Thank goodness there’s nothing homophobic about any of that. Then there’s all sorts of mad conspiracy theories about an alliance between Catholic clergy in Ireland and the liberal left because they hate the Pope (Benedict was still in office then). So these dangerous lefties, inside the Church and out, are going to force gay marriage onto the altar, “as a way of getting back at the Vatican”. He has no doubt whatever about that.
I have to say that what bothered me most about the interview though was his views on adoption and gay people. This matters because we’re going to have a referendum, sooner or later, to allow gay marriage, and there is no doubt that this is one of the issues that will be used to generate fear and confusion.
Waters is entirely clear. Adoption used to be for children who had been deprived of their natural parents through death and was supposed to give those children the chance of a normal life. “Now,” he says, “we have inverted this into the idea that the child has become the product, the commodity, that is supplied to different, differently defined alternative families.”

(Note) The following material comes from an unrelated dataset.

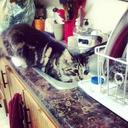 Henry VIII McPye - @PrincessHenry13 - Twitter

Where does that come from? When did we change our adoption laws? Who has proposed that we should? The legislation establishing the Adoption Authority, and the mission of the authority itself, makes one thing absolutely clear. Adoption must be conducted with the best interests of children as the primary consideration. Adoption is, and will remain, a service for children, not for adults. That applies equally to heterosexual and to homosexual adults.
PARENTS being considered for assessment — and everyone who has ever been involved knows that it’s a long and difficult, sometimes painful process — must pass the test that the adoption will be in the child’s best interests.
That applies equally to domestic adoptions and to inter-country adoptions. Inter-country adoptions are regulated by the Hague Convention of 1993, which Ireland has formally ratified. The first two objects of that international convention are these: “a) to establish safeguards to ensure that inter-country adoptions take place in the best interests of the child and with respect for his or her fundamental rights …; and b) to establish a system of co-operation … to ensure that those safeguards are respected and thereby prevent the abduction, the sale of, or traffic in children”.
What all this means is that if a gay couple are allowed to adopt a child, it will always be on the basis that there has been a rigorous and demanding assessment that has come to the conclusion that it is in the best interests of the child. That means that the decision has been made that the gay couple concerned are in the best position to provide the love, security and stability that the child needs.
When we are asked to make a decision about gay marriage, we need to vote on the basis of rational argument. We need to acknowledge individual human rights, and face the reality of discrimination and oppression of gay people. I’ll be voting yes, and arguing for a yes. Above all, I’ll be hoping that we don’t allow fear, misinformation, and prejudice to get in the way of the right decision.